Momentous changes ahead for the tropics
The world's tropical regions will be the epicenter of change in global economies, population growth, and environment. That's the take-home message of a groundbreaking report that forecasts massive changes this century in the tropics.
The ambitious State of the Tropics Report was launched last week in Burma and Singapore, in a special televised event.
The report was kicked off by Nobel Laureate and Burmese leader Aung San Suu Kyi with assistance from Sandra Harding, the Vice-Chancellor of James Cook University in Australia, and a panel of experts that included ALERT director Bill Laurance.
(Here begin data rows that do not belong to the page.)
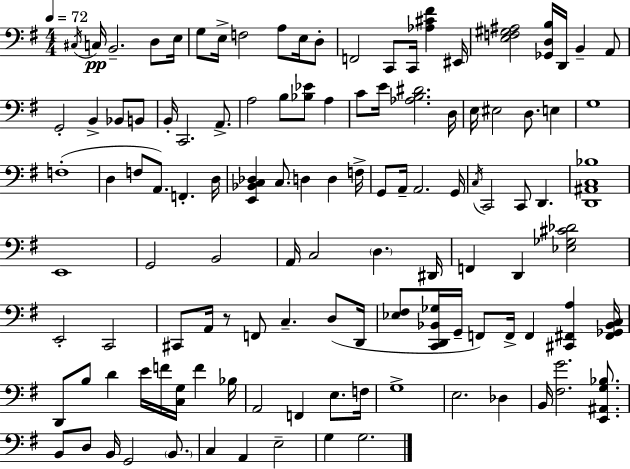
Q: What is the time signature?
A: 4/4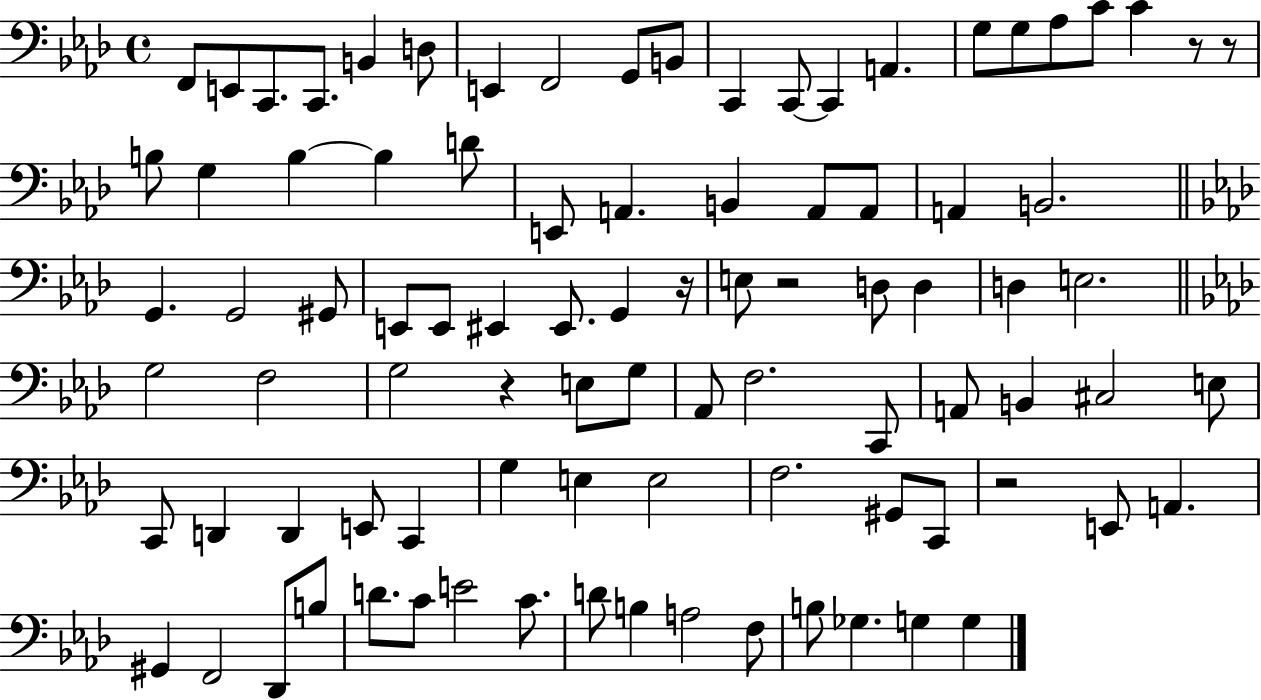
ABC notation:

X:1
T:Untitled
M:4/4
L:1/4
K:Ab
F,,/2 E,,/2 C,,/2 C,,/2 B,, D,/2 E,, F,,2 G,,/2 B,,/2 C,, C,,/2 C,, A,, G,/2 G,/2 _A,/2 C/2 C z/2 z/2 B,/2 G, B, B, D/2 E,,/2 A,, B,, A,,/2 A,,/2 A,, B,,2 G,, G,,2 ^G,,/2 E,,/2 E,,/2 ^E,, ^E,,/2 G,, z/4 E,/2 z2 D,/2 D, D, E,2 G,2 F,2 G,2 z E,/2 G,/2 _A,,/2 F,2 C,,/2 A,,/2 B,, ^C,2 E,/2 C,,/2 D,, D,, E,,/2 C,, G, E, E,2 F,2 ^G,,/2 C,,/2 z2 E,,/2 A,, ^G,, F,,2 _D,,/2 B,/2 D/2 C/2 E2 C/2 D/2 B, A,2 F,/2 B,/2 _G, G, G,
Produced by a coalition of 12 universities and research institutes from the Asia-Pacific, Africa, and Latin America, the State of the Tropics report sees dramatic changes ahead for the world's tropical regions:
- by the latter part of this century, the population of tropical nations will swell by over 3 billion additional people, with Africa's population nearly quadrupling
- food demand in tropical and developing nations will double by mid-century
- by 2050, two-thirds of all children will live in the tropics
- land-use pressures will intensify sharply because of a dire need to increase food and biofuel production in the tropics
- as the century unfolds, tropical nations will increasingly be the centers of global economic growth and also rising geopolitical conflicts over land, water, and natural resources
- the tropics sustains 80% of all species, many of which will be imperiled by rising habitat loss, climate change, and other perils.
The State of the Tropics report is the first comprehensive effort to project change across the entire tropical region -- which will increasingly become a key driver of social, economic, and environmental change globally.